In Chris Butler’s most recent newsletter, he brings up a lot of great points about the “readability” of websites and how the user interface of your site can affect if and for how long users will actually spend reading the content that is on the page before they get distracted and move on.
Chris also theorizes that people are still reading long-form stories and texts, they are just changing how and where they read them. However, despite our research, it is becoming a widely held belief that the attention span of the average person is shrinking. So I say, why bore them with tons of content? Why make them sift through a mass of text to find what they’re looking for? Why not deliver exactly what they want without all of the bells and whistles?
Our focus on SEO, rankings, keywords, and “the robots” has clouded our vision of what PEOPLE really want to read. The SEO experts will tell you that you have to create a lot of content if you want to move up in the rankings. This is true. But don’t just create content for the sake of creating content that only the robots are going to read. It may be hard to believe, but, more conversions come from human referrals than from search engine traffic, so think about who you really want to speak to. While search engines may bring more traffic to your site, people referring your site to other people will ultimately bring more conversions (form completions, sign-ups, etc.).
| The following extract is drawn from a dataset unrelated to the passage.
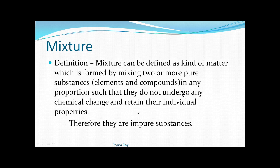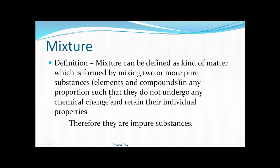The components of a mixture do not undergo any chemical change — they are not attached by chemical bonds. They retain their individual properties, meaning each component shows its own properties. This is another difference between mixture and compound. Since two or more substances are present, mixtures are considered impure substances.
I recently read a great blog post by Erin Anderson at Brain Traffic that used an analogy of a restaurant with a “limited offerings” menu. They only cook a few things, but they make them “goshdarned well.” That is the kind of content strategy we should all be shooting for. Not one that just bombards the user with content, but one that offers well-written, insightful content in a reasonable portion.
Brain Traffic does a great job of taking their own advice. They are a content strategy company, so they should know best. They post brief, yet relevant blogs and spaced intervals, giving their users time to read and learn from them without bombarding them with too much content. I think anyone can use their strategy as an example, and while you’re at it, READ some of their great content about content!
People are still interested in reading, but they aren’t going to put up with long, repetitive articles that are just trying to get the attention of the google bots. If you are creating relevant and engaging content, then people will find it and read it. Sure, you may not be getting as MUCH traffic to your site this way, but you will be getting BETTER traffic.
I’m not saying to stop creating content altogether. In fact, I am in favor of a content strategy that produces content on a regular basis. The content should, however, be presented in a way that is readable with fewer distractions so that people can focus on what you are saying AND it should be interesting to your target audience with a strong focal point (other than your own SEO).
So write something that people can easily digest and is useful to them, and they will thank you for it. It will be a better, healthier content strategy which in the long run will bring you better, more targeted traffic.